He obviously was a man of rare character.

He was profoundly cynical about humankind–but how could anyone who witnessed the events of the twentieth century be so insensitive as not to be cynical? He was inveterately suspicious of any and all ideologies. And he stood in dread of fanaticism in any guise, whether secular or religious. Just four days after his death, the United States was sickened to see that what religious fanaticism has long been doing in far-off lands could also be done on American soil.

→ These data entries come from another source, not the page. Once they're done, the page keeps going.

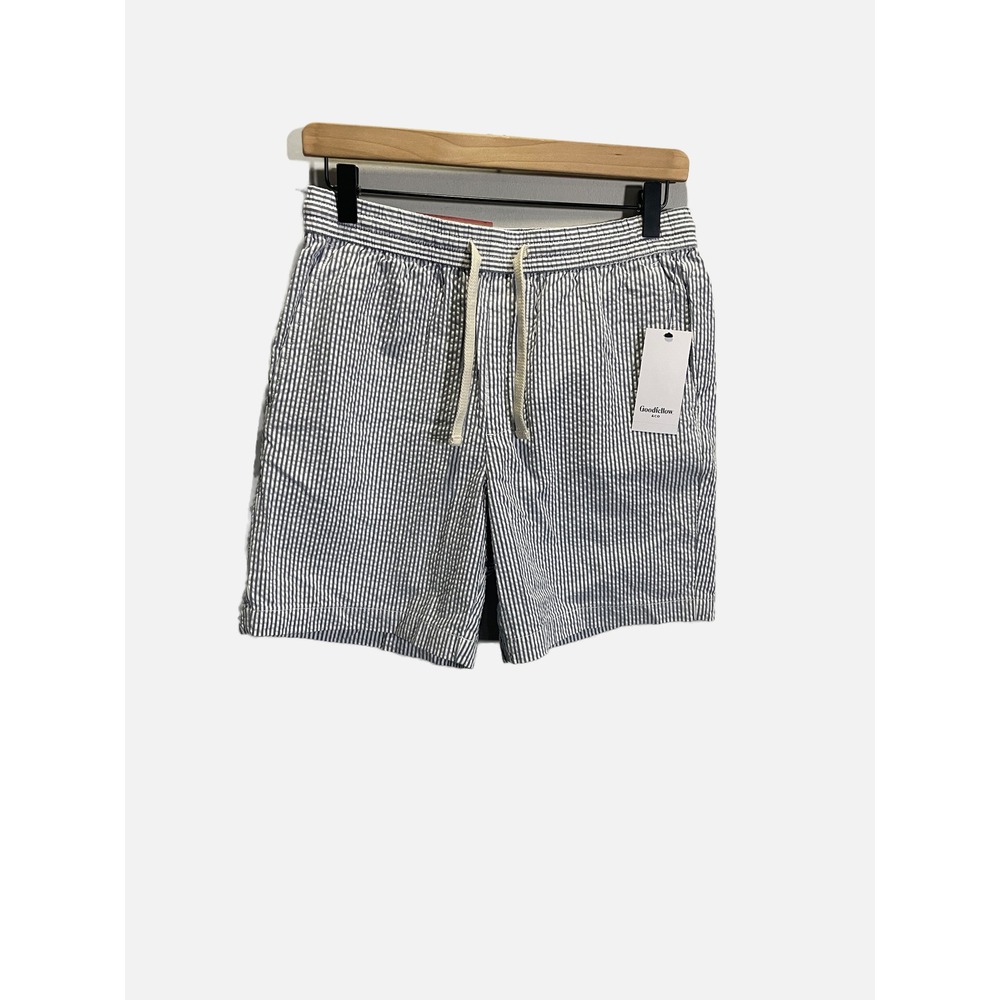Goodfellow Pull-On Shorts Mens XS Blue White Seersucker Striped Vacay Summer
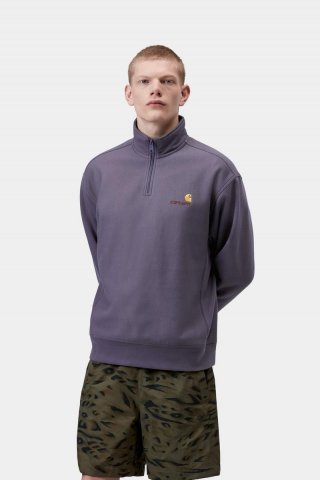 Carhartt Half Zip American Script Sweatshirt - Schattiges Lila Carhartt Half Zip American Script Sweatshirt - Schattiges Lila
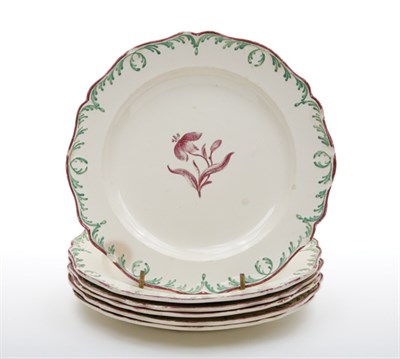 Lot 1538 - Set of Six Staffordshire Creamware Plates...
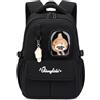 Amythe Zaino Bambina Scuola Elementare e Media - Zaino Scuola Ragazze Leggero e Resistente - Compatibile con Carrelli - Zainetto Casual Bambini per Natale e Ritorno a Scuola -Nero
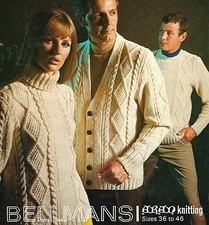 1782 LADIES MENS ARAN CABLE JUMPERS & CARDIGAN 36-46" VINTAGE KNITTING PATTERN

The heart of his scholarly interests was Islamic-Jewish-Christian polemics, and he gave the scholarly world critical editions and translations of three significant Arabic texts. The first of them is an attack on the Jewish religion by a twelfth century Jewish convert to Islam, Samau’al al-Maghribi–whom Moshe sometimes affectionately called his “meshummad.” The second is a dispassionate account of Judaism, Islam, and Christianity, by the thirteenth century Jewish polymath, Ibn Kammuna. In his introduction to the text and again in his introduction to the translation, which was published in a separate volume, Moshe quotes an anecdote from a medieval Arabic historian. The historian relates that a few years after Ibn Kammuna finished the book, he barely escaped with the skin of his teeth from a Muslim mob that wanted to tear him to pieces for having insulted the Islamic faith by treating Islam in a dispassionate tone; it is noteworthy that the grand qadi of Baghdad connived at Ibn Kammuna’s escape. The third text is a work by Ahmad al-Damanhuri, an eighteenth century Islamic cleric, who proved conclusively from Islamic legal sources that all the Christian churches of Cairo had to be destroyed. The thread that Moshe saw connecting the three texts is plain. He openly expresses admiration for Ibn Kammuna and contempt for the other two, yet he draws no further lesson. The texts are allowed to speak for themselves, and readers are left to draw whatever moral they can.

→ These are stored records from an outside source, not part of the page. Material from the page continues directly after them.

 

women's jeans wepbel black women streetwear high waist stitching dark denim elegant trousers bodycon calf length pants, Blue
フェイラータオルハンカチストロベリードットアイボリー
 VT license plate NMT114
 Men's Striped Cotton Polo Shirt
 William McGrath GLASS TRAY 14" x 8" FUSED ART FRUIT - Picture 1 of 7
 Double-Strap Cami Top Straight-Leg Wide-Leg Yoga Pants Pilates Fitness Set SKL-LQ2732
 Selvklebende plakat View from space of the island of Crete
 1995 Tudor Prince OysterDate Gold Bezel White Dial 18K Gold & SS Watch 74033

His scholarly interests extended to other areas as well. He translated volume four of Tabari’s history and published a good number of articles and reviews in the areas of Arabic, Islamics, and Jewish Studies. His wariness about big ideas in human affairs carried over into his scholarship, and he invariably focused on facts and small points, while eschewing overriding theories. He would particularly seek out what he loved to call the “piquant.” A number of his articles deal with Russian-Jewish periodic literature, and he had a particular interest in the writer and publicist Lev Levanda. Writing on Russian Jewish publicists was not the surest path for advancing one’s career as a Professor of Arabic in twentieth century American academia. Considerations of the sort were naturally no disincentive for him.

In a time of much meretricious gold plating, Moshe Perlmann was pure platinum, and it was a privilege to know him.

Tehi nishmato serura bi-seror ha-hayyim.